# FR: (ne pas) avoir le/de/du temps



## acm2g

My textbook just covered partitive articles, indefinite articles, and definite articles, and the use of de/d' in a negative expression using partitive or indefinite articles.

In the next chapter, it gives this example sentence:
Aujourd'hui, je n'ai pas le temps.

Why wouldn't it be (could it be?) "Je n'ai pas de temps." ???

Merci d'avance!

*Moderator note: *Multiple threads merged to create this one. See also (ne pas) avoir le temps (de) / avoir du/de temps (pour) - article in the Français Seulement forum.


----------



## Canard

When you just have "le/la/les", it is not the partitive, so it doesn't change to "de". Another example: "Il n'a même pas *le* bon sens de..."

[...]


----------



## acm2g

Thanks... I think that second sentence seems conflicting as well.

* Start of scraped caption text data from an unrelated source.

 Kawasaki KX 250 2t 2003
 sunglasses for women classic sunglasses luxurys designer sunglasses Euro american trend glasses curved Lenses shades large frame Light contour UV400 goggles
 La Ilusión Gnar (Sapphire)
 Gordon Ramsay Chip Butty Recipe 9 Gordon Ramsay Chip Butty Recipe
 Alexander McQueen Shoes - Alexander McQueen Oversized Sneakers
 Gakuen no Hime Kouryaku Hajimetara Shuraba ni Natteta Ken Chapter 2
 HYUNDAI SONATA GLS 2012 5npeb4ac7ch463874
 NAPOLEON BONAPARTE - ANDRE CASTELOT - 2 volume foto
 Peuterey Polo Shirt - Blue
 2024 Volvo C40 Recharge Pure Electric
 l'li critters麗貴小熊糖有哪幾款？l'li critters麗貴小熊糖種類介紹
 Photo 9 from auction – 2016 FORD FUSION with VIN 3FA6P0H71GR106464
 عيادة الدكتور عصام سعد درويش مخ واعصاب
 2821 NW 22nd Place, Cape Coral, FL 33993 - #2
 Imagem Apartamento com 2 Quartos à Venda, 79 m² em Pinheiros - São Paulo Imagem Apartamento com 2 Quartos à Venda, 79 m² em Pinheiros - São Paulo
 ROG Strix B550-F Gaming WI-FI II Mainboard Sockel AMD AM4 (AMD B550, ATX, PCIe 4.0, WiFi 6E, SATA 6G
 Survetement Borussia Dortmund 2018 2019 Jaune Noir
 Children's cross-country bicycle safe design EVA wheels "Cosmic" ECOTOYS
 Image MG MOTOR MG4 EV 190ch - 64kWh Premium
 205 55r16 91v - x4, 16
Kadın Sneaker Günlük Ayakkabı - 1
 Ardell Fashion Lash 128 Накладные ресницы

For the first sentence (Je n'ai pas le temps.), does this mean "I don't have the time... to do such and such" and the positive version would be j'ai le temps.  

Would it be possible to say "je n'ai pas du temps" (I don't have any time).

[...]


----------



## geostan

In another forum, I suggested that students should follow the textbook until they have mastered the basics. In a sense, I was supporting the textbook. Now I read these examples, and wonder : "Who wrote the book?" If you have quoted the examples correctly, there are some basic pedagogical flaws with this particular book. What does your instructor say? Or did he/she write the book?

Je n'ai pas le temps is not the kind of sentence one should be giving a beginning student who is just learning about the partitive and the negative.

Canard's point is well taken. The affirmative of this sentence would be "J'ai le temps" But in another sentence, there would be a partitive connotation:
Je n'ai pas de temps à perdre.

As for the mixing and matching, that simply is poor pedagogy. It's either partitive or it's not; it shouldn't be both. And even if it were correct, why would a teacher inflict this on a beginning student?

Good Luck with your studies!


----------



## qizi

Je n'ai pas ( ) temps de bavarder avec toi en ce moment.
Would you please tell me why "le" is used here? I notice there is "ne...pas", so could I change "le" to "de"?
Thank you.


----------



## itka

Parce que ce temps-là est bien défini. Il ne s'agit pas de n'importe quel temps, mais de "celui de bavarder avec toi".
_Je n'ai pas *de* temps libre.
Je n'ai pas *le* temps de finir ce livre avant de partir travailler._

Tu entendras souvent : _"je n'ai pas le temps !"_ sans aucun complément, mais en fait ce complément est sous-entendu :
_"Tu viens avec nous à la piscine ?
-Non, je n'ai pas le temps !" _(==> je n'ai pas le temps de venir avec vous à la piscine.)


----------



## geostan

Consider also the affirmative form:

avoir *le* temps *de faire quelque chose*. *Le* is required because it is made specific by the infinitive phrase. Since the definite article is required in the affirmative form, it does not change in the negative form.

Contrast this with:

_J'ai *du* temps à perdre_.  Here there is a quantitative notion, hence, the partitive article. This changes in the negative: _Je n'ai pas *de* temps à perdre_.


----------



## francais_espanol

I was taught in French class: 

avoir LE temps DE faire quelque chose 

but 

avoir DU temps POUR faire quelque chose.

Is this correct ?


----------



## geostan

You would think so. I might use the second construction in a situation like this:  _avoir du temps *libre* pour faire quelque chose._ The addition of the adjective would make me want to use it. Without something to express a quantitative idea, I would stick to the first expression.


----------



## itka

> avoir LE temps DE faire quelque chose
> but
> avoir DU temps POUR faire quelque chose.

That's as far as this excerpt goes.